*** Opening of PROVIDED RECORDS ***

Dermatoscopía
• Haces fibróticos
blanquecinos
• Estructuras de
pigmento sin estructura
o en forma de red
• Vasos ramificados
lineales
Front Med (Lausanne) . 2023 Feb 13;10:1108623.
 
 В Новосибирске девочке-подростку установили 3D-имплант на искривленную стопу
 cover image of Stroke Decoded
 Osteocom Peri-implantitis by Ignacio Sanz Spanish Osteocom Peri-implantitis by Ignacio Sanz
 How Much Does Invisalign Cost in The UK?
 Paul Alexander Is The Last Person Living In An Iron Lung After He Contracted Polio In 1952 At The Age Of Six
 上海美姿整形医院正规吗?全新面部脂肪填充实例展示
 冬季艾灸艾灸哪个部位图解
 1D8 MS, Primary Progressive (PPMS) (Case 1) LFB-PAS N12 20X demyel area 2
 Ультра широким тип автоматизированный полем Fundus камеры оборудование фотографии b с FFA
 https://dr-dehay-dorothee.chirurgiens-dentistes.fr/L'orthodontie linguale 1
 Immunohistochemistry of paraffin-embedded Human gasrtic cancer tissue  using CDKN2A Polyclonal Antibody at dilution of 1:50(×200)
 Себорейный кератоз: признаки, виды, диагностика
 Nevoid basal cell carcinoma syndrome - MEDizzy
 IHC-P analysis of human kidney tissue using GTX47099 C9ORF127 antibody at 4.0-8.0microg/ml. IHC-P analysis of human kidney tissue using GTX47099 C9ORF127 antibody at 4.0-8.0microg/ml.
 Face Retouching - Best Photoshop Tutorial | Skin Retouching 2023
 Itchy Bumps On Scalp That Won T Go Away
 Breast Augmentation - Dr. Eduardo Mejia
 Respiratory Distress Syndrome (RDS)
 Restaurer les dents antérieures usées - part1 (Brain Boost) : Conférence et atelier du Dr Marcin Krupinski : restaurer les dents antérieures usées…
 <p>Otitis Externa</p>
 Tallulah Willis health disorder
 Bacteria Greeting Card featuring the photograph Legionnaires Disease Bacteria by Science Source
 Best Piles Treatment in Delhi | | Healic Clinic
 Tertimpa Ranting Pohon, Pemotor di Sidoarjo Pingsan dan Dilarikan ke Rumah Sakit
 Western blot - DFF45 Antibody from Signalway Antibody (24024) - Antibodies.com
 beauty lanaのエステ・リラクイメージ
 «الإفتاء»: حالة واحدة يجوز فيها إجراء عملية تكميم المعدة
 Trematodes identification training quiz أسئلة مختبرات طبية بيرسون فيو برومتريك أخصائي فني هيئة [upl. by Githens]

*** Close of PROVIDED RECORDS ***

EXERCISE DETAILS: Every line of the data should be output exactly as it was given.

YOUR RESPONSE:
Dermatoscopía
• Haces fibróticos
blanquecinos
• Estructuras de
pigmento sin estructura
o en forma de red
• Vasos ramificados
lineales
Front Med (Lausanne) . 2023 Feb 13;10:1108623.
 
 В Новосибирске девочке-подростку установили 3D-имплант на искривленную стопу
 cover image of Stroke Decoded
 Osteocom Peri-implantitis by Ignacio Sanz Spanish Osteocom Peri-implantitis by Ignacio Sanz
 How Much Does Invisalign Cost in The UK?
 Paul Alexander Is The Last Person Living In An Iron Lung After He Contracted Polio In 1952 At The Age Of Six
 上海美姿整形医院正规吗?全新面部脂肪填充实例展示
 冬季艾灸艾灸哪个部位图解
 1D8 MS, Primary Progressive (PPMS) (Case 1) LFB-PAS N12 20X demyel area 2
 Ультра широким тип автоматизированный полем Fundus камеры оборудование фотографии b с FFA
 https://dr-dehay-dorothee.chirurgiens-dentistes.fr/L'orthodontie linguale 1
 Immunohistochemistry of paraffin-embedded Human gasrtic cancer tissue  using CDKN2A Polyclonal Antibody at dilution of 1:50(×200)
 Себорейный кератоз: признаки, виды, диагностика
 Nevoid basal cell carcinoma syndrome - MEDizzy
 IHC-P analysis of human kidney tissue using GTX47099 C9ORF127 antibody at 4.0-8.0microg/ml. IHC-P analysis of human kidney tissue using GTX47099 C9ORF127 antibody at 4.0-8.0microg/ml.
 Face Retouching - Best Photoshop Tutorial | Skin Retouching 2023
 Itchy Bumps On Scalp That Won T Go Away
 Breast Augmentation - Dr. Eduardo Mejia
 Respiratory Distress Syndrome (RDS)
 Restaurer les dents antérieures usées - part1 (Brain Boost) : Conférence et atelier du Dr Marcin Krupinski : restaurer les dents antérieures usées…
 <p>Otitis Externa</p>
 Tallulah Willis health disorder
 Bacteria Greeting Card featuring the photograph Legionnaires Disease Bacteria by Science Source
 Best Piles Treatment in Delhi | | Healic Clinic
 Tertimpa Ranting Pohon, Pemotor di Sidoarjo Pingsan dan Dilarikan ke Rumah Sakit
 Western blot - DFF45 Antibody from Signalway Antibody (24024) - Antibodies.com
 beauty lanaのエステ・リラクイメージ
 «الإفتاء»: حالة واحدة يجوز فيها إجراء عملية تكميم المعدة
 Trematodes identification training quiz أسئلة مختبرات طبية بيرسون فيو برومتريك أخصائي فني هيئة [upl. by Githens]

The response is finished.